··· Data extracts ···

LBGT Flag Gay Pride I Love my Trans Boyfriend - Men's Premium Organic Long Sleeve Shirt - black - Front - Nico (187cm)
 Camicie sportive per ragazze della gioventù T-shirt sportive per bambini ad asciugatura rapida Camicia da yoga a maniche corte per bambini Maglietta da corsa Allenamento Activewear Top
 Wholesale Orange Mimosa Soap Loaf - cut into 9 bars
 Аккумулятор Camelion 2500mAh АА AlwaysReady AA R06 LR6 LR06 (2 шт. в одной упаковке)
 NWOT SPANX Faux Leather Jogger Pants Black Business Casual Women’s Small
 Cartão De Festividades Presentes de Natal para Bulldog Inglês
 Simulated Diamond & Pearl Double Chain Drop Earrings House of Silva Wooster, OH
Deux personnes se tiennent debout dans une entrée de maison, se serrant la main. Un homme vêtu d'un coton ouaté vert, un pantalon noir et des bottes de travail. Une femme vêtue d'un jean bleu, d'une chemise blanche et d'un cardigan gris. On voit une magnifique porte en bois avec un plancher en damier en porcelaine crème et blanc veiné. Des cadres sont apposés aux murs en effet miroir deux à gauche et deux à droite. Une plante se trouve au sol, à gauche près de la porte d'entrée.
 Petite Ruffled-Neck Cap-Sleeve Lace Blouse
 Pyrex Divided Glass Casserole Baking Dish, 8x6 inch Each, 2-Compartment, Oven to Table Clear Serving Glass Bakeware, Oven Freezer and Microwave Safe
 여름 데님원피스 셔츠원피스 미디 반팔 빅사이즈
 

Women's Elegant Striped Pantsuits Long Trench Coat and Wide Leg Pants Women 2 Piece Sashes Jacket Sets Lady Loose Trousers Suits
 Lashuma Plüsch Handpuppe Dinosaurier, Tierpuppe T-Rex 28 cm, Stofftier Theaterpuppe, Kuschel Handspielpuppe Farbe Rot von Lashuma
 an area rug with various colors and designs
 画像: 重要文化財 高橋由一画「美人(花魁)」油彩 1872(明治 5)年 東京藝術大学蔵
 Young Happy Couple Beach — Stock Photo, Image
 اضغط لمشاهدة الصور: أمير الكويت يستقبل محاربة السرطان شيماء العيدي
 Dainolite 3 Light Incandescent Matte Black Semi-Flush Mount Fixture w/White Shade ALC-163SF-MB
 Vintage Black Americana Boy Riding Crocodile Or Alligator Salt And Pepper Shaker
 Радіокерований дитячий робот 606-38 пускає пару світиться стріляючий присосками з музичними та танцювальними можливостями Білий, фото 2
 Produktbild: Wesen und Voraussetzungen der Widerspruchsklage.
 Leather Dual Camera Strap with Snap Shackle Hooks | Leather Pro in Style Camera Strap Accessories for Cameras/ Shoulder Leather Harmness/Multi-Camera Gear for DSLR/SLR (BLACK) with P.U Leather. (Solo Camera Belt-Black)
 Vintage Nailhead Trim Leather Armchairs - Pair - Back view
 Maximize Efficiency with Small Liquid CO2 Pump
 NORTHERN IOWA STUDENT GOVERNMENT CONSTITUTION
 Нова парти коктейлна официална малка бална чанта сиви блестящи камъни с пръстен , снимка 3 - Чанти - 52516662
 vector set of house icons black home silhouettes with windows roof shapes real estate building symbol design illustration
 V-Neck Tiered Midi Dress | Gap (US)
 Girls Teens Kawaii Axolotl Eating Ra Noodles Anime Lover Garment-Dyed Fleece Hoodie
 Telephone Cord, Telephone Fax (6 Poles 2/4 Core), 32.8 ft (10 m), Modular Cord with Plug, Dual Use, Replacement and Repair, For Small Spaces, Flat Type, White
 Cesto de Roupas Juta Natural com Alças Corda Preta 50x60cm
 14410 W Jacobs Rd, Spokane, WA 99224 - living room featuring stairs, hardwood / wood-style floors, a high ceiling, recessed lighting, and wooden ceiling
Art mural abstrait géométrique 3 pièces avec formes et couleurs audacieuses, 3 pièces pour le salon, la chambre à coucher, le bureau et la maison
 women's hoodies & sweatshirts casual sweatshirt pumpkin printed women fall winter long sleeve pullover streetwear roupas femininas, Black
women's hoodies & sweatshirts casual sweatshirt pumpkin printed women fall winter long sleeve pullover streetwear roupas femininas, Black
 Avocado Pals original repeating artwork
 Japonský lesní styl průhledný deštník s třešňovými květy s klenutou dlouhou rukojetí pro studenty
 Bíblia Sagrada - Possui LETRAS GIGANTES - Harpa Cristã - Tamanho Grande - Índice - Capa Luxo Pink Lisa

···

=== Action item ===
Search the data and copy each line containing "hoodies".

=== Task output ===
 women's hoodies & sweatshirts casual sweatshirt pumpkin printed women fall winter long sleeve pullover streetwear roupas femininas, Black
women's hoodies & sweatshirts casual sweatshirt pumpkin printed women fall winter long sleeve pullover streetwear roupas femininas, Black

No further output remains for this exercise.